Ironically, perhaps, a major investment in ERM software strikes many C-level executives as risky, given how scarce cash is at the moment. Directors at Ensign-Bickford Industries, a diversified manufacturer, are in the beginning stages of reviewing an ERM system, but the collapse of so many Wall Street titans may give their senior management second thoughts. “ERM was supposedly working well for the financial-services industry, but, as we’ve seen, it broke down somewhere,” says corporate risk manager Rick Roberts. Although tarnished, ERM remains viable, he adds.
Indeed, one of the most shocking aspects of the collapse was that it took place in an industry widely regarded as having state-of-the-art ERM practices. “I hope that one of the things that comes out of this experience,” says StanCorp’s Chadee, “is a sober look at what the industry means by ERM.” Chadee says part of that would hinge on a move away from sales hype in favor of programs that cater to unique corporate cultures and risk appetites.
Another part of that sober look, experts say, would involve focusing more attention on truly understanding the risks that shape strategy and tactics. “Businesses have clearly managed risk for centuries,” says Beasley, “but this situation calls into question the quality of risk-management processes in relation to strategies.”

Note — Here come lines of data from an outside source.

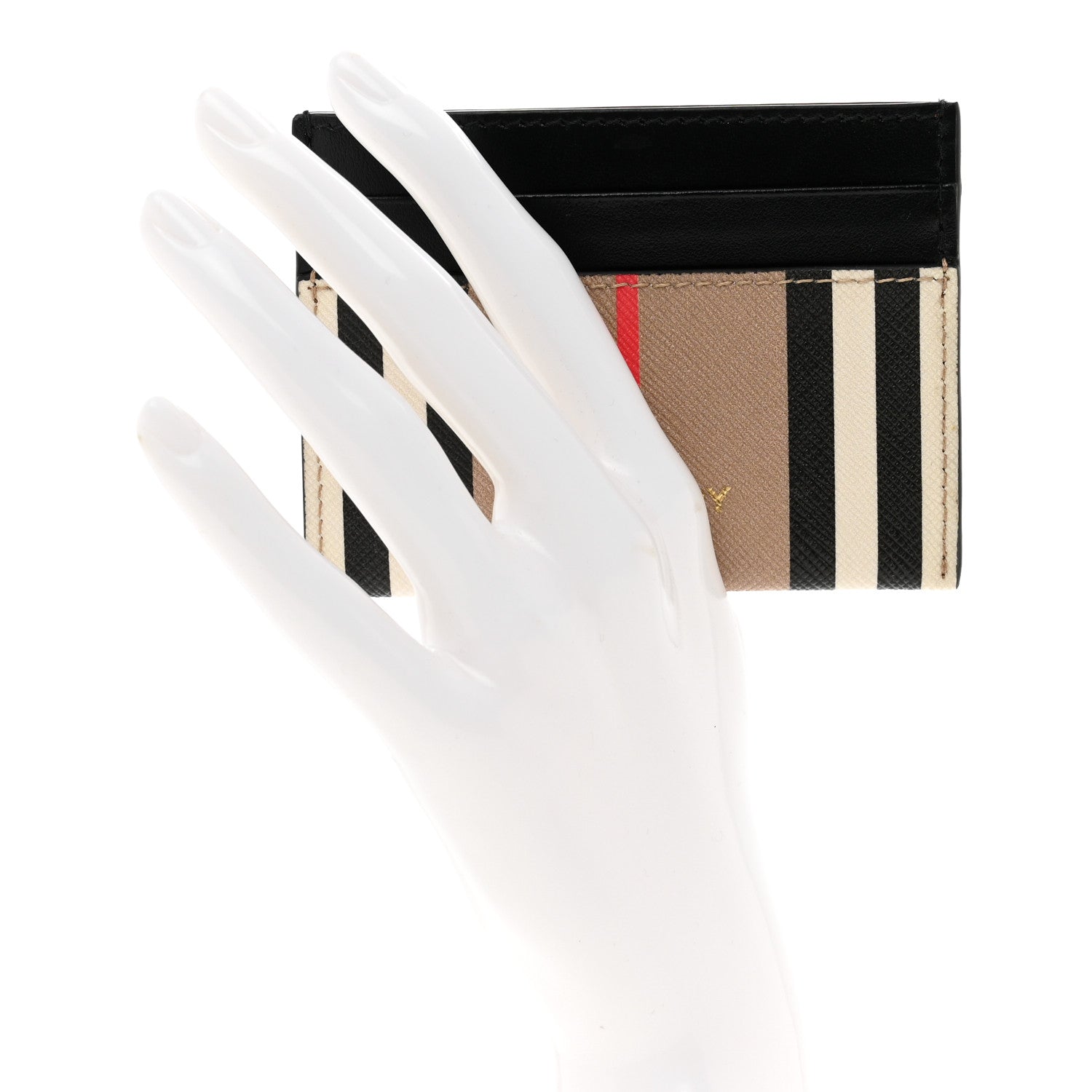 Burberry E-Canvas Calfskin Icon Stripe Card Case Archive Beige 2 of 8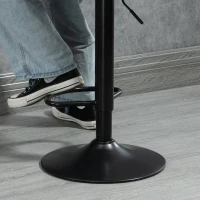 HOMCOM Adjustable Bar Stools Set of 2, Leathaire Swivel Barstools with Back and Footrest, Upholstered Bar Chairs for Kitchen, Dining Room, Home Pub, Brown(m-10)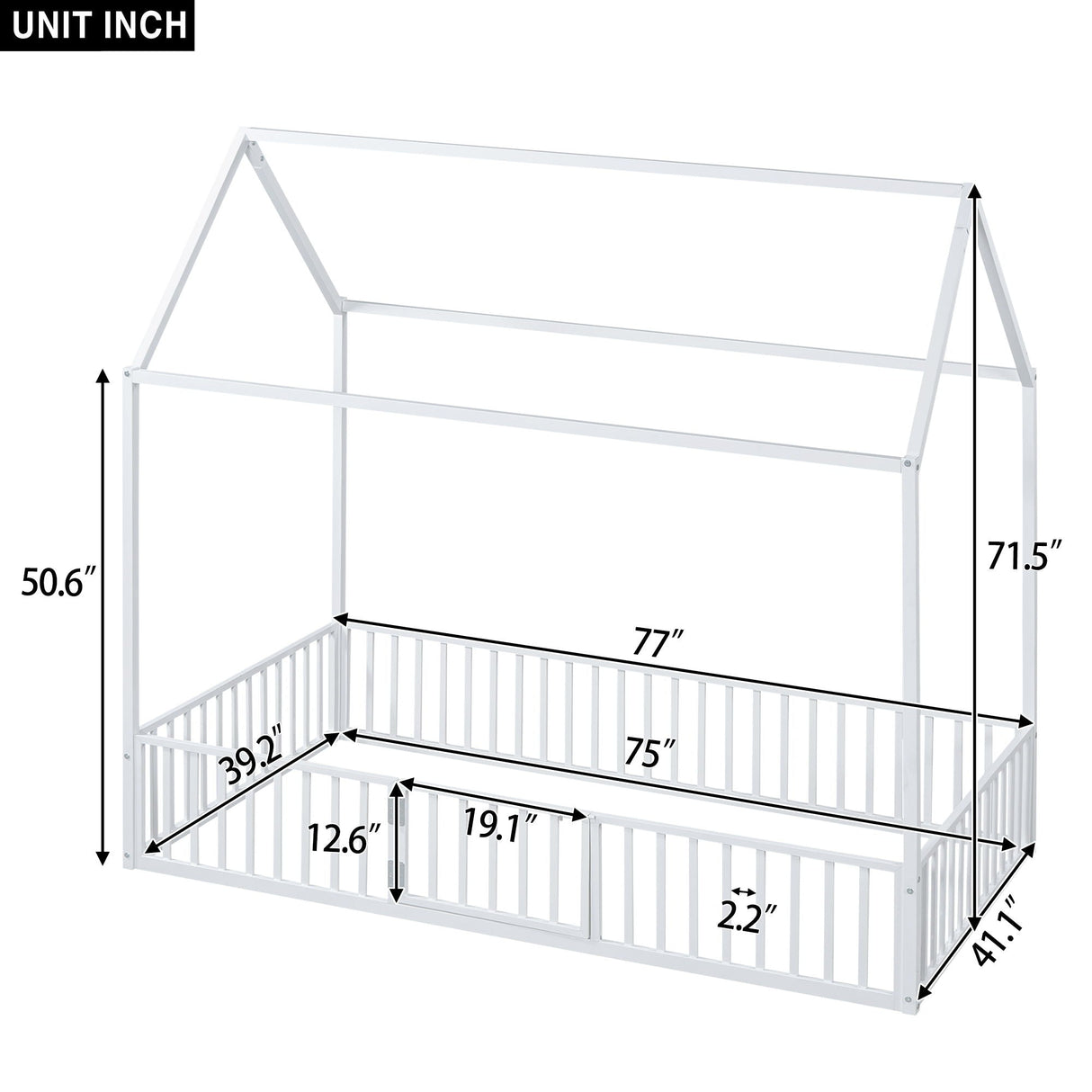 Metal House Bed With Fence And Door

Progress may depend largely on incremental improvements rather than technological leaps or massive consulting engagements. Existing risk-reporting processes must break down silos that impede risk oversight and prevent a broader awareness of risk throughout the organization. “It’s certainly a major mind shift in corporate thinking,” says Beasley. “It has to convey top-down endorsement from the board and executive suite.” And, he says, it won’t happen overnight.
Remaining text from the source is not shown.